Sailing to Byzantium
There is an extensive exhibit of Byzantine art currently open at the New York Metropolitan Museum of Artuntil July 4th. It is the third in a "trilogy of broad, sweeping, historical shows at the Metropolitan" says the Spectator in a review of it not included in its on-line edition. "In the 1970s they presented the early stage in Age of Spirituality; in 1997 The Glory of Byzantium gave us the middle Byzantine period from 843 to 1261; the current show is an attempt to rehabilitate the final period, thought by many represent a historic political decline."
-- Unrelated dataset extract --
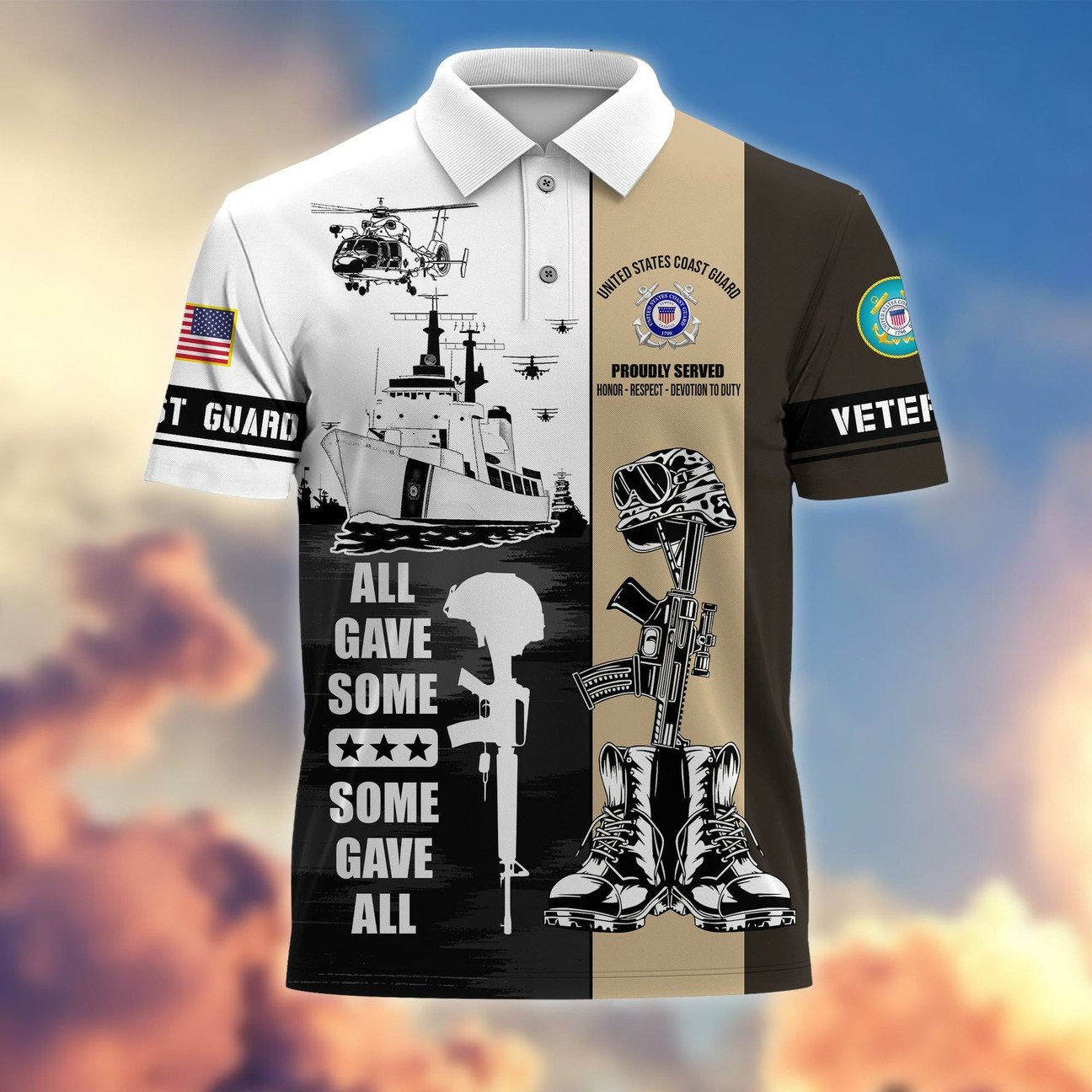 US Coast Guard Battlefield Cross All Gave Some, Some Gave All Polo Shirt Veteran Gift For Dad and Husband on Veterans Day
The reviewer, indeed, finds little evidence of a decline at all in this exhibit. ". . .this is one of the finest displays of major icons -- in most cases either remarkably preserved or at least very skilfully restored -- that I've ever seen."
The exhibit includes much more than icons. There are also "paintings, sculptures, carvings, jewellery, coins, medals, frescoes, chunks knocked off buldings, clerical vestments, amulets rolls, miraculously intact glass vases from mid 13th-century Syria, even an entire massive chandelier, dramatically hung from the Museum's ceiling. . ."
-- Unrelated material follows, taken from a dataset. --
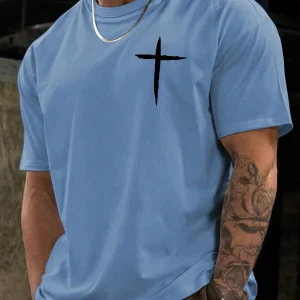 Men Plus Cross Print Tee, Cross T-Shirt,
If, like me, you are the width of a continent away from the Metropolitan, there is a sizeable portion of the exhibit on view via the net at the museum's website. The exhibit begins here.
You can also see a video of "The Consecration of the Exhibit" by the Orthdox Archbishop Damianos of Sinai. Surely that doesn't happen every day?
. . . .Thee do we beseech and Thee do we entreat, O Thou Who art good and the creator of all: Hallow this exhibition of sacred icons and liturgical treasures, which we consecrate this day, recompensing and blessing abundantly those who have laboured and toiled in their attentive care of these objects, and those who, in honour of Thee, have brought the works of art here from the ends of the earth that we might behold them. And do Thou grant rest, in the tabernacles of the righteous, unto the souls of the artificers who from ages past have been well pleasing unto Thee, whose names are known to Thee alone.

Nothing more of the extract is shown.